I'm curious about somethings in the ThaiAnalyzer
It has:
@Override
public TokenStream reusableTokenStream(String fieldName, Reader reader)
throws IOException {
if (overridesTokenStreamMethod) {
// LUCENE-1678: force fallback to tokenStream() if we
// have been subclassed and that subclass overrides
// tokenStream but not reusableTokenStream
return tokenStream(fieldName, reader);
}
SavedStreams streams = (SavedStreams) getPreviousTokenStream();
if (streams == null) {
streams = new SavedStreams();
streams.source = new StandardTokenizer(matchVersion, reader);
streams.result = new StandardFilter(streams.source);
streams.result = new ThaiWordFilter(streams.result);
streams.result = new
StopFilter(StopFilter.getEnablePositionIncrementsVersionDefault(matchVersion),
streams.result,
StopAnalyzer.ENGLISH_STOP_WORDS_SET);
setPreviousTokenStream(streams);
} else {
streams.source.reset(reader);
streams.result.reset(); // reset the ThaiWordFilter's state
}
return streams.result;
}
I'm really curious why reusableTokenStream has the block:
if (overridesTokenStreamMethod) {
// LUCENE-1678: force fallback to tokenStream() if we
// have been subclassed and that subclass overrides
// tokenStream but not reusableTokenStream
return tokenStream(fieldName, reader);
}
but nearly no other Analyzer in contrib has it. (None that I have seen.)

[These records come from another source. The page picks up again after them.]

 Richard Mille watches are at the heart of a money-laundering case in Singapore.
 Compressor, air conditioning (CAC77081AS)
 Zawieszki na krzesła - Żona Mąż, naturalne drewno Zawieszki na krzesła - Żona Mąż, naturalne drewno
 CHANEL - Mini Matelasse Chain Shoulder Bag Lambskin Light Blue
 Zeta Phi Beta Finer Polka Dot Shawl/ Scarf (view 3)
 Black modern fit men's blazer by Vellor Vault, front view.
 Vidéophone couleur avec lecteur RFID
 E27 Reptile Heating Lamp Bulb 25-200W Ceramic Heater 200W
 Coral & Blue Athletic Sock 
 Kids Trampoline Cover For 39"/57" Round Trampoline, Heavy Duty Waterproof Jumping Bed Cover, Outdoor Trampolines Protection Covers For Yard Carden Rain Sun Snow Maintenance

Shouldn't it be in all of them?
And also about:
streams.source.reset(reader);
streams.result.reset(); // reset the ThaiWordFilter's state
This calls reset on everything from the bottom to the top.
Most of the implementations of the class just have
streams.source.reset(reader);
It seems to me that calling streams.source.reset(reader) presumes that the
chain only needs to be reset at the tokenizer.
The documentation for reset() does not indicate that it should always call
super.reset() or input.reset(), which is necessary for chaining back up to the
tokenizer.
If we go to a declarative model for an analyzer, I would think that one would
always want to do both.
-- DM